NETD enabled the first description of large-scale proteomic studies on peptide anions in 2012, but low NETD dissociation efficiencies and poor chromatographic reproducibility with high-pH solvents remained major challenges to routine use.10,11 We recently addressed these shortcomings by (1) modifying a dual-cell linear ion trap−Orbitrap hybrid mass spectrometry (MS) system to perform activated-ion NETD (AI-NETD) for improved precursor-to-product ion conversion and (2) devoting significant effort to investigating five different high-pH buffer systems.3 Ultimately these improvements facilitated the largest scale negative-mode proteomic study to date, characterizing more than 1100 proteins in yeast with single-shot analyses and more than 3700 yeast proteins using an offine fractionation approach. With a platform suitable for whole-proteome-scale characterization of peptide anions, the stage is now set to pursue high-throughput characterization of acidic peptides, post-translational modifications (PTMs), and other biomolecules that are recalcitrant to positive-mode methods.1222

The aforementioned advances in instrumentation, however, are not yet paired with modern informatic tools.

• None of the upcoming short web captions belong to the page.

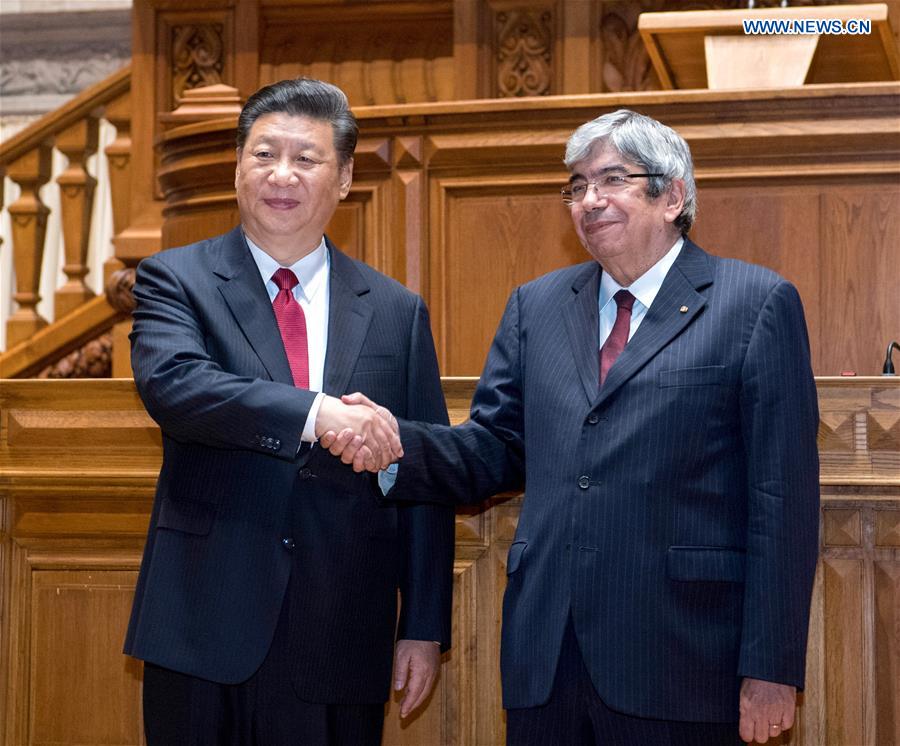 Xi Jinping rencontre le président du parlement portugais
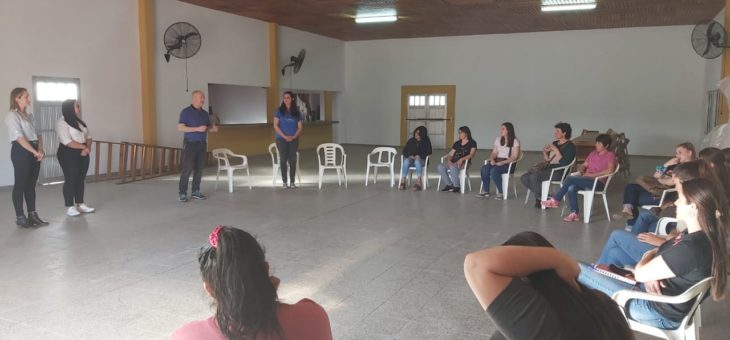 EMPEZAMOS CON EL TALLER DE COSTURA BÁSICA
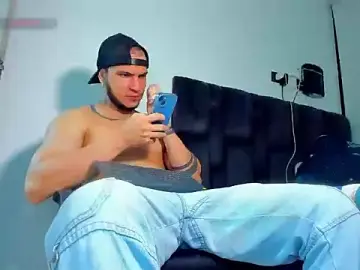 Stripchat Nude Webcam of jacob_lautnerr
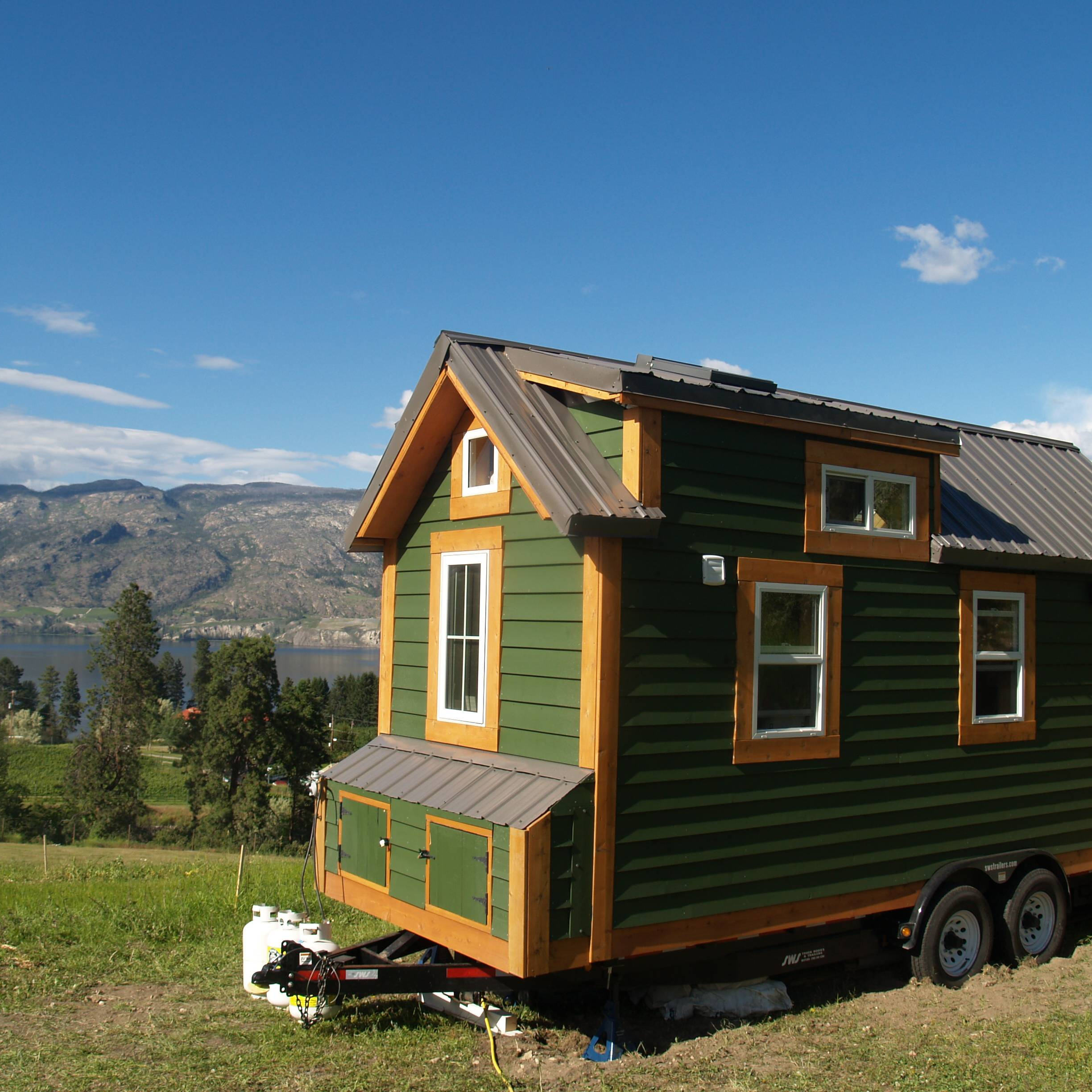 Mobile Trailer Tiny House Modern Prefab Home Portable Modular Cabin on Wheels Wooden Kitchen Bathroom Sleeping Space Living Use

Specifically, shotgun proteome analysis, whether in the positive or negative mode, relies on search algorithms for automated spectral interpretation and peptide identification. While dozens of algorithms have been developed for the interpretation of positive-mode tandem mass spectra, only one search algorithm, the Open Mass Spectrometry Search Algorithm (OMSSA), is capable of searching NETD and AI-NETD spectra.10,23 (We do note that MassMatrix was recently modified to handle negative-mode ultraviolet photodissociation (UVPD) spectra, and this algorithm might also be adapted to support NETD spectral analysis.2) Further compounding this issue is that OMSSA development ceased several years ago. So, in a very real sense, there exists no modern and regularly maintained software algorithm to interpret NETD spectra. We conclude that for negative-mode proteome analysis to reach its full potential considerable effort to develop appropriate data analysis tools must be exerted.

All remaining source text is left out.